Entro in quest’ultimo e scopro che probabilmente era un magazzino per ricambi e manutenzione. All’interno ci sono scaffalature con ancora pezzi di ricambio, cinghie, elettrovalvole e in un angolo un paio di uffici con scrivanie metalliche. Il sole entra dalle vetrate donando una bella luce calda all’ambiente.

Di nuovo all’esterno vado verso sud fino alla recinzione dove trovo un enorme pneumatico probabilmente di qualche scavatore. Raggiungo un altro edificio basso, che ospita degli stanzoni adibiti anch’essi a magazzini, contenenti ancora scaffali con cavi, apparecchiature industriali, pannelli elettrici e gli immancabili armadietti metallici negli spogliatoi dei lavoratori.

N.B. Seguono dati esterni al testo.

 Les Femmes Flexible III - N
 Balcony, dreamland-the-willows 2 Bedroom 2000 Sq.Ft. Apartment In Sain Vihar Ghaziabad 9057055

Giungo poi alla palazzina degli uffici e scopro con rammarico che i bimbiminkia locali qui hanno dato il meglio di loro stessi devastando il devastabile. Vetri in frantumi, mobili ribaltati, oggetti sparsi ovunque. Trovo una sala riunioni, l’infermeria ma tutti i locali sembrano essere stati attraversati da un uragano. Incredibilmente si sono salvate delle apparecchiature su uno scaffale.

Esco nuovamente all’aperto e ammiro il paesaggio davvero suggestivo con le grosse costruzioni in cemento armato che si stagliano nel cielo, con l’aggiunta dei binari del treno che entravano nello stabilimento ancora presenti. Ci sono principalmente una torre cilindrica bianca dove purtroppo non è possibile salire, un grosso silos a forma trapezoidale da me soprannominato “gianduiotto” e una specie di cubo dove venivano caricati i camion. Nel mezzo una vasca piena d’acqua che ormai è una palude, con tanto di piante acquatiche e una discreta fauna a popolarla.

Parto all’assalto del gianduiotto, inoltrandomi nell’oscurità delle sue viscere e poi tramite diversi tipi di scalette sempre più in alto fino al tetto. Esco su un terrazzo dove posso godere di un bellissimo panorama sulla ferrovia sottostante e su tutte le campagne circostanti.

All’interno ci sono tramogge, scivoli, motori e ovviamente piccioni, sia vivi che morti. Ridiscendo fino al primo piano dove rimane una scrivania e parte una passerella o meglio un tunnel sospeso che unisce il gianduiotto al cubo per il carico dei camion. Questo tunnel in cemento mi ricorda un corridoio di un’astronave vista in qualche film di fantascienza, grazie ai grandi triangoli delle pareti laterali. Nel cubo non c’è praticamente nulla se non una piattaforma di cemento perfetta per tuffarsi nel vuoto sottostante e una cabina vetrata per lo svolgimento delle operazioni di scarico.

Torno sui miei passi e fino al suolo. Inizio a scattare diverse foto all’esterno, probabilmente l’aspetto più affascinante di questo luogo, ovvero queste grandi forme geometriche di cemento appoggiate nel nulla.

Anche i binari si prestano bene a diversi scatti e percorrendoli mi avvicino al punto di uscita.

Conclusioni

Un’esplorazione non eccezionale ma sicuramente diversa dal solito. Un po’ penalizzata dal caldo spietato e molto dal vandalismo trovato negli uffici ma che in generale mi ha regalato delle vedute bellissime e un po’ di adrenalina nell’arrampicata verso la sommità del silos gianduiotto. Fiero di essere uno dei pochissimi ad aver esplorato questo luogo anche perché potrebbe sparire definitivamente.

Le foto qui presenti risalgono a Ottobre 2022.